For each record that follows, give it back exactly, with no pictures included.

** Recorded data **
_____

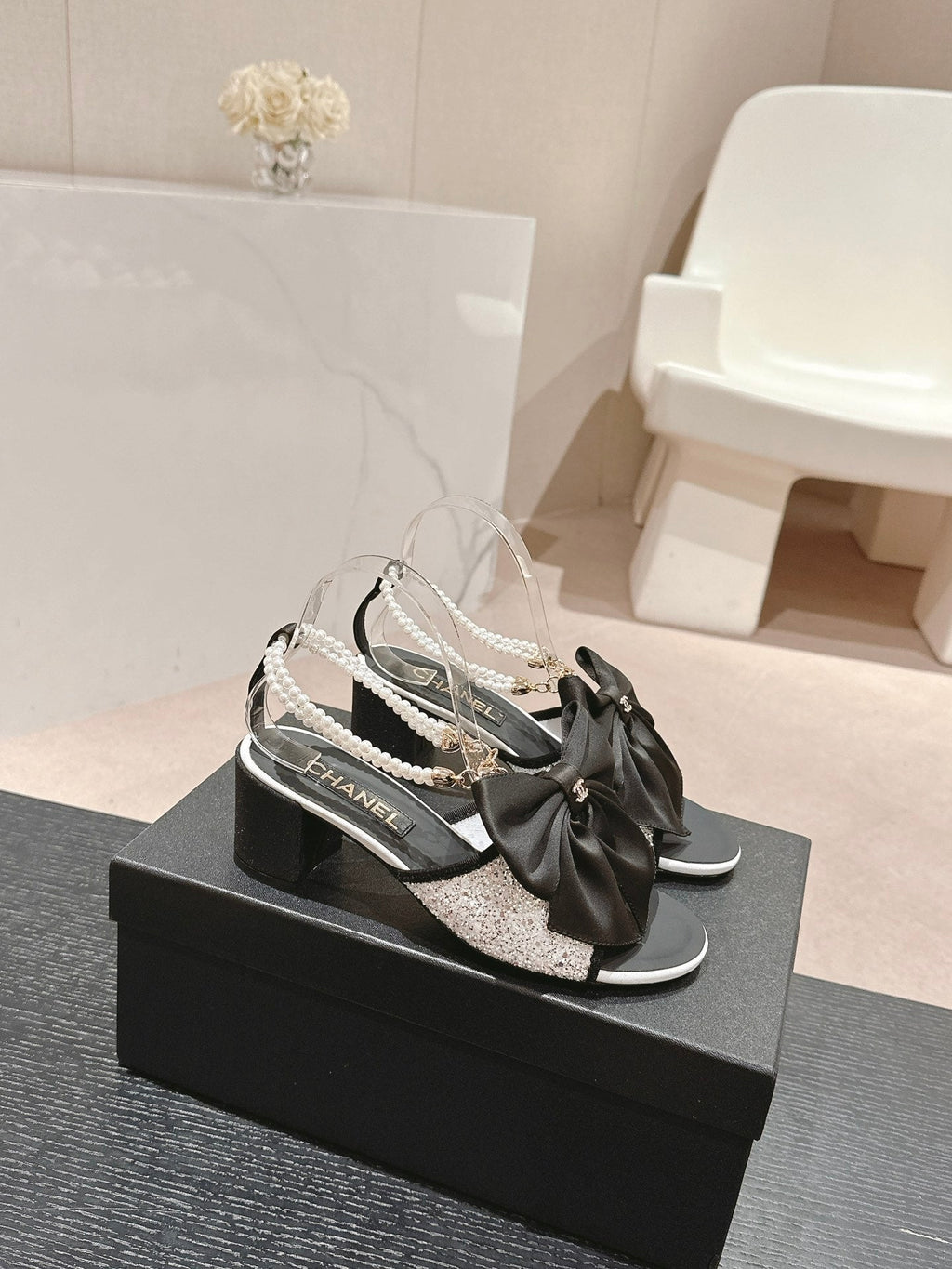 CHANEL HIGH SANDAL WITH PEARL CHAIN BLACK LAMBSKIN WITH WHITE RHINESTONES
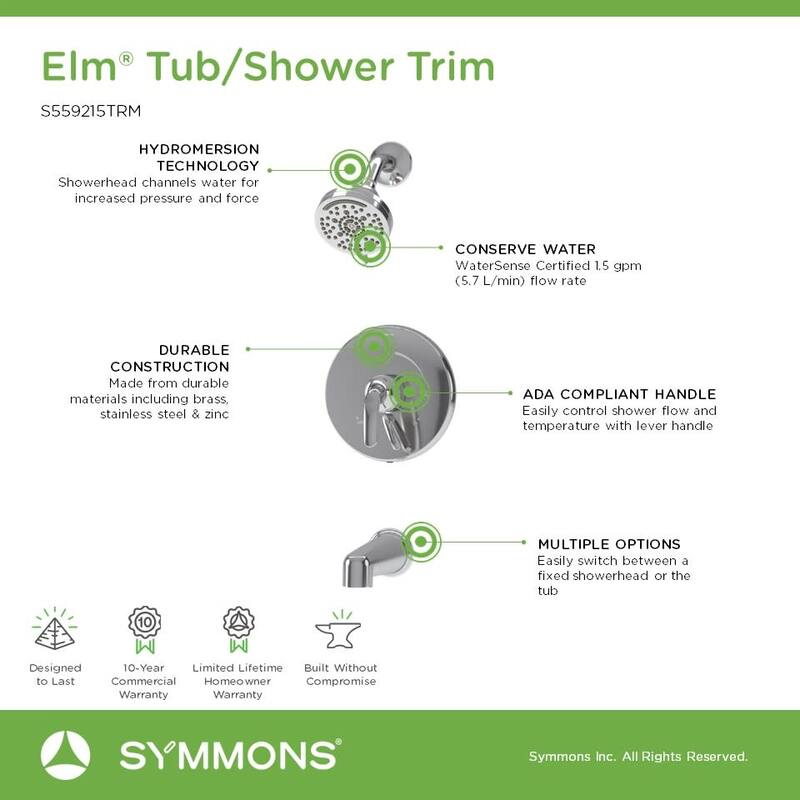 Symmons S559215TRM Birch Tub and Shower Trim Package with 1.5 GPM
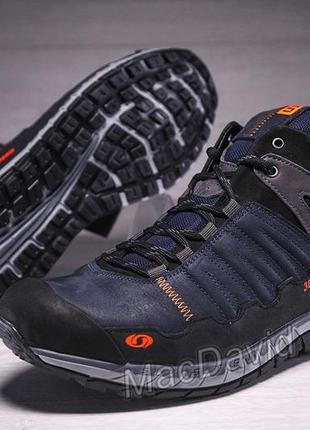 Шкіряні зимові черевики, кросівки термо, salomon denim gtx winterfrost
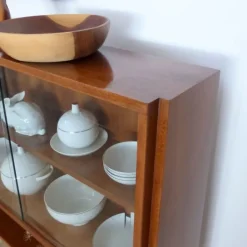 Pamono Vintage Showcase Cabinet with Shelf and Glass Sliding Doors Outlet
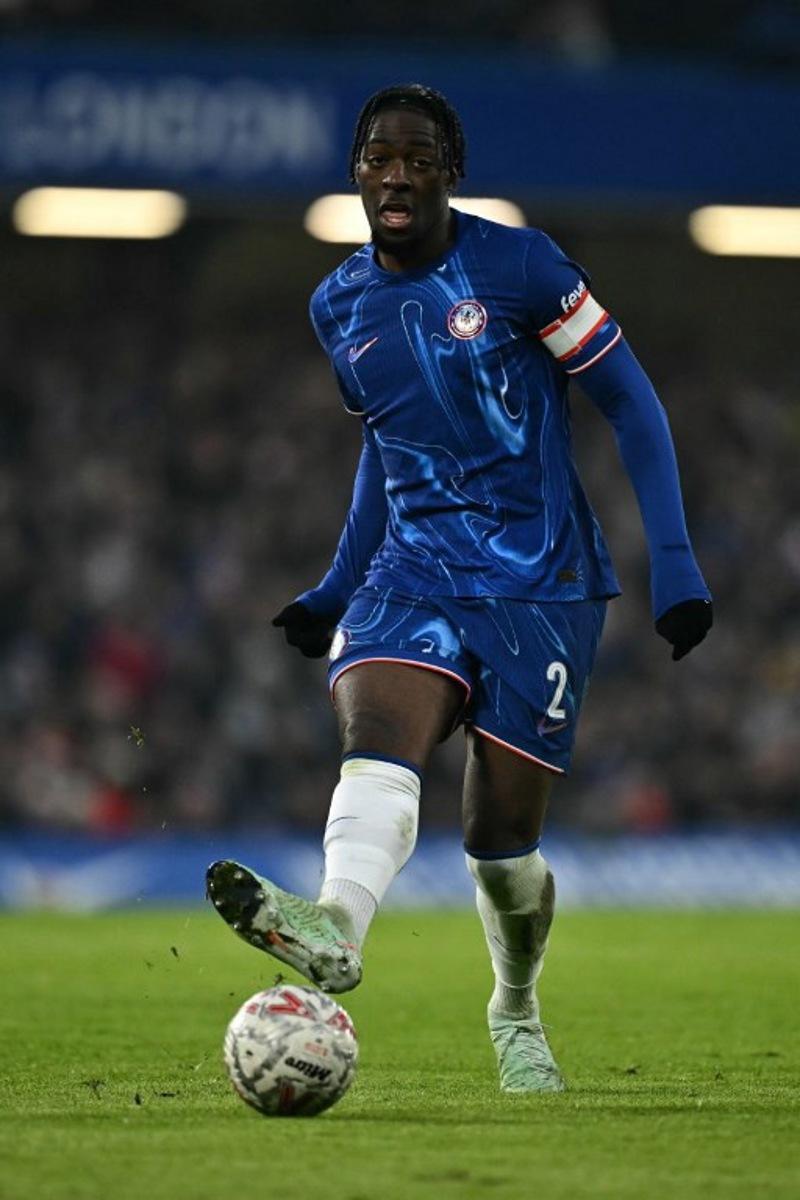 Chelsea's French defender #02 Axel Disasi passes the ball during the English FA Cup third round football match between Chelsea and Morecambe at Stamford Bridge in London on January 11, 2025.  Ben STANSALL / AFP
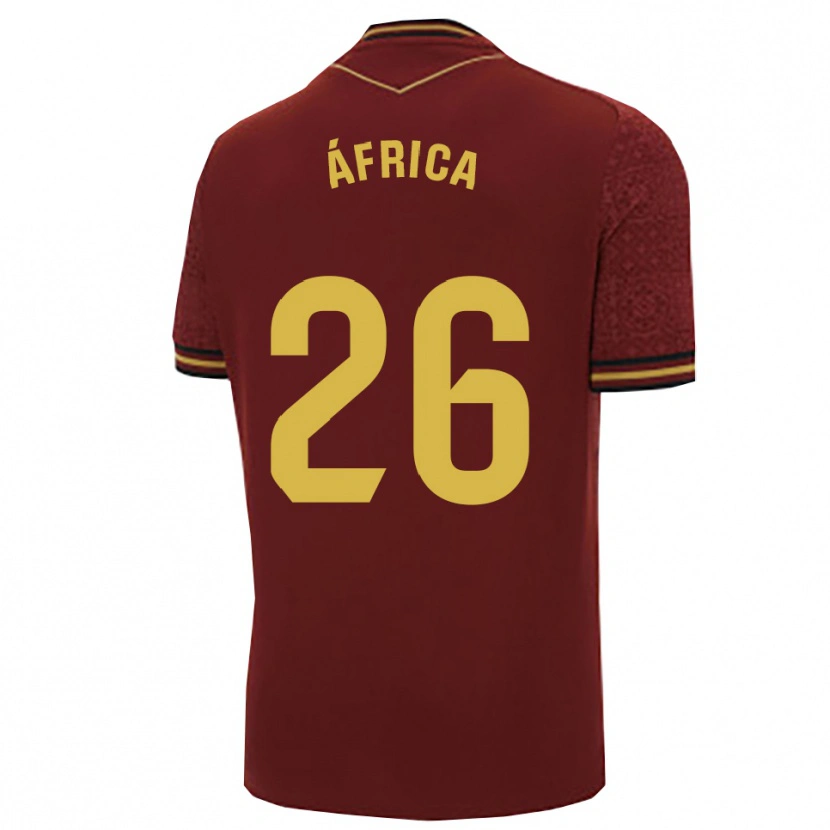 Danxen Barn África Dueñas Ariza #26 Bourgogne Guld Bortatröja Matchtröjor 2025/26 Tröjor T-Tröja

_____

** Solution for this problem **
 CHANEL HIGH SANDAL WITH PEARL CHAIN BLACK LAMBSKIN WITH WHITE RHINESTONES
 Symmons S559215TRM Birch Tub and Shower Trim Package with 1.5 GPM
 Шкіряні зимові черевики, кросівки термо, salomon denim gtx winterfrost
 Pamono Vintage Showcase Cabinet with Shelf and Glass Sliding Doors Outlet
 Chelsea's French defender #02 Axel Disasi passes the ball during the English FA Cup third round football match between Chelsea and Morecambe at Stamford Bridge in London on January 11, 2025.  Ben STANSALL / AFP
 Danxen Barn África Dueñas Ariza #26 Bourgogne Guld Bortatröja Matchtröjor 2025/26 Tröjor T-Tröja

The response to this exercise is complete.